Smooth, Supple, Bouncy: Resilience
"Resilience" means more than just our economic suppleness. We also now worry, more than before, about how well our physical city is hardened or can bounce back, with each passing dire warning and visible precursor of major infrastructure dysfunction or climate disruption.
As an obvious example, we've zealously stewarded our water supply with controversial long-term investments, buying decades' worth of rights to Highland Lakes water back in 1999 for the then-astounding sum of $100 million (paid with an actual check) and then building what is now the Handcox Water Treatment Plant to treat it. Yet just within the last six months, our water has twice been unfit to drink, whether too dirty due to unprecedented upstream flooding, or too malodorous due to infestation of our water supply by an invasive species whose range has extended southward.
Austin has made a big, big deal about being a leader in the response to climate change, which in turn might contribute to our economic resilience in some future Green New Deal world. That's not the same, though, as working and worrying over our own exposure to direct and indirect environmental threats. While Austin is, on this score, in a much better place than, say, Houston – which has decades of catastrophic flooding to look forward to – that exposure is greater than zero.

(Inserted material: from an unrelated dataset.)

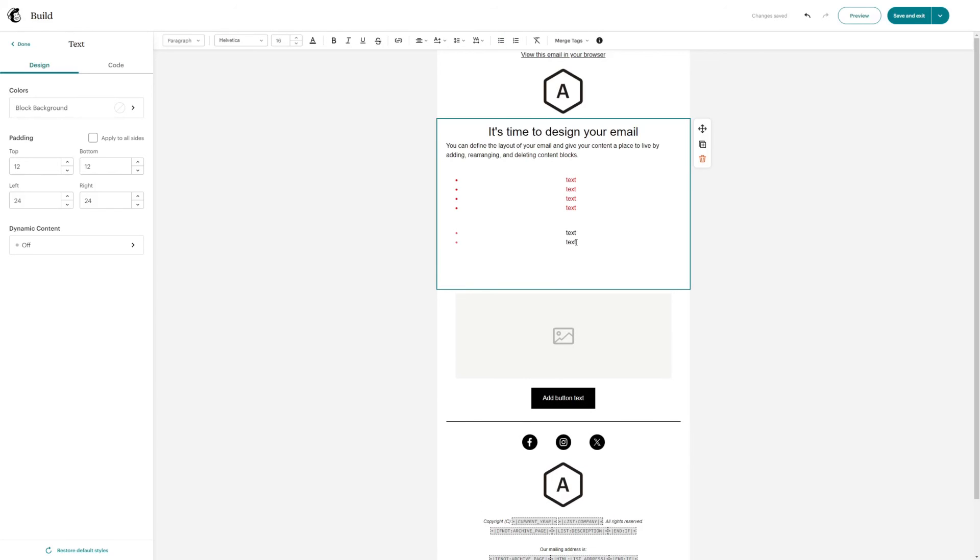And that's pretty much everything to know about changing the color of your bullet points in MailChimp. If you have any questions, let me know down in the comments below, and I'd be more than happy to help.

Adler identifies the water supply – both in quantity and quality – as "an Achilles' heel of our resilience," for which the city's recently adopted Water Forward plan helps to provide answers. He also frets, as he has his entire term, about our transportation infrastructure – not only because traffic is a constant complaint among the locals, but in light of the climate-driven need to upturn the single-driver model. "We're encouraging new mobility technologies and experimentation and innovation even when it's disruptive," he says, "because in the long term it might help us survive. Getting before the voters in November 2020 to do high-capacity transit is imperative."
The always-intermingled debates over mobility, housing affordability, and reforming our land use code are influenced by the signals sent by the market-driven here and now (Who's going to live in all these f'in condos? What are you going to do about this traffic?), but really are charting a course for a more resilient city decades hence. "That's why we need to actually get the code done, and the need for transit is inescapable," Adler says.
"Right now, with the emphasis we're putting on affordability and diversity and equity – we're pushing harder than many cities are, and on sustainability, we really are an international leader," he continues. "I think things are really going well, and we have a huge measure of opportunity, but it's not accessible to everybody and we have to be focused on increasing that access in everything we do. We're the cool city right now, but there's nothing sadder than being the city that used to be the cool city."